Akademik Veri Yönetim Sistemi
Journal of Boron, cilt.10, sa.1, ss.1-9, 2025 (Hakemli Dergi)
This study designed to investigate the biochemical changes in glial cells' oxidant/antioxidant systems in response to glutamate-induced excitotoxicity of boric acid (BA). The present study employed C6 glial cells. For the study, cells were separated into 4 groups as control, glutamate (10mM), glutamate+BA (0,23; 0,46; 0,93; 1,87 and 3,75 μg/mL), and BA (0,23; 0,46; 0,93; 1,87 and 3,75 μg/mL). The control group was not treated. The cells in the glutamate group were treated with 10 mM glutamate for 24 hours. BA was administered one hour prior to the addition of glutamate and incubated for 24 hours. The viability of the cells was evaluated using an XTT assay. Commercial kits were used for biochemical analyses. Significance was set at less than 0.05. The biochemical analysis revealed that the levels of malondialdehyde (MDA), nitric oxide (NO), inducible nitric oxide snythase (iNOS), neuronal nitric oxide synthase (nNOS), and total oxidant status (TOS) were elevated in the glutamate group compared to the control group (p<0.05).
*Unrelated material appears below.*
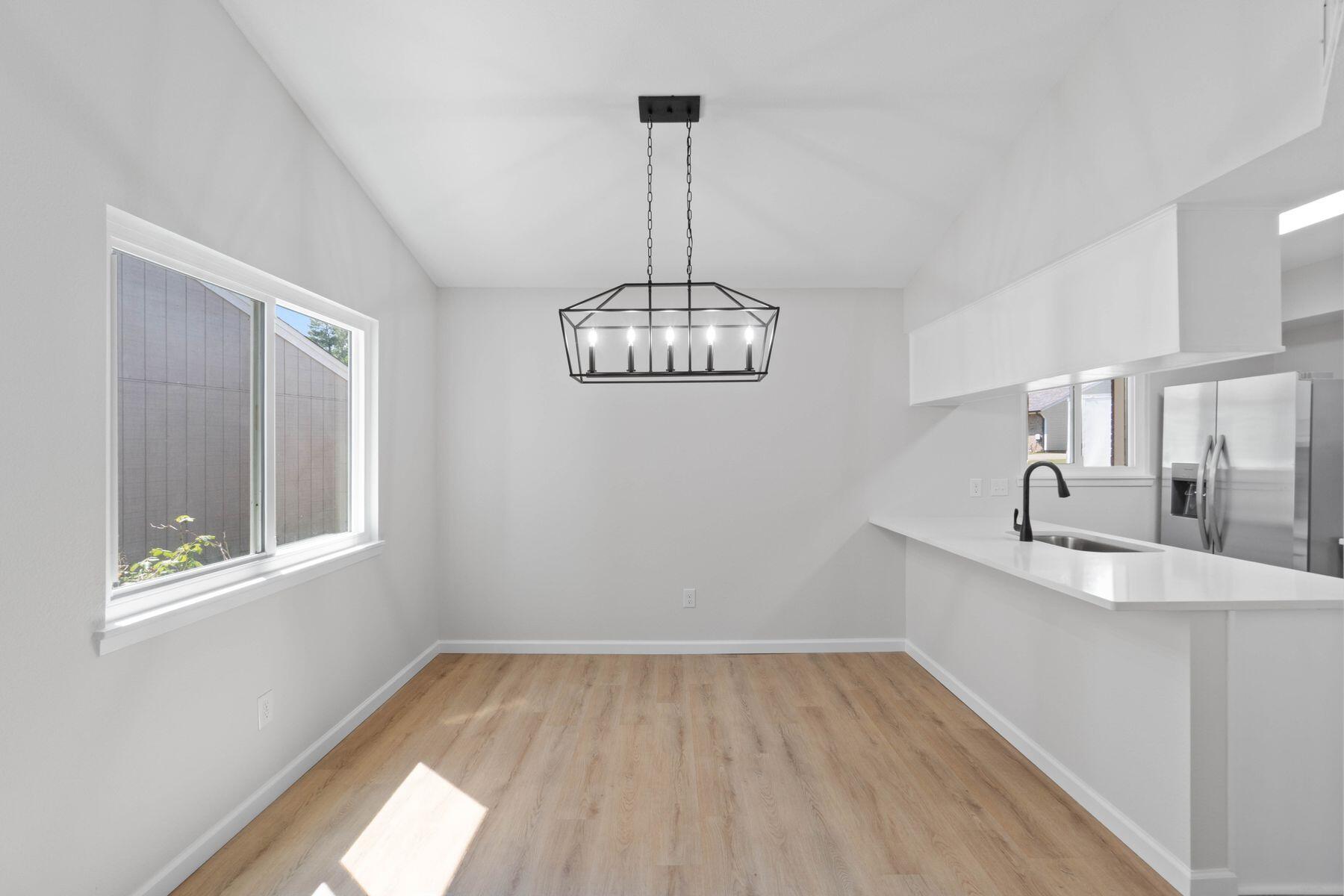 CEDAR RIDGE - Residential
It was detemined that BA treatment resulted in a statistically significant reduction in these levels compared to the glutamate group (p<0.05). The levels of SOD and TAS were found to decrease in the glutamate group and to increase with BA pretreatment (p<0.05). The results demonstrated that BA exhibited protective effects on glial cells against glutamate exposure. Furthermore, BA was observed to exert its neuroprotective effect by increasing the antioxidant defense mechanism and reducing oxidative and nitrosative stress.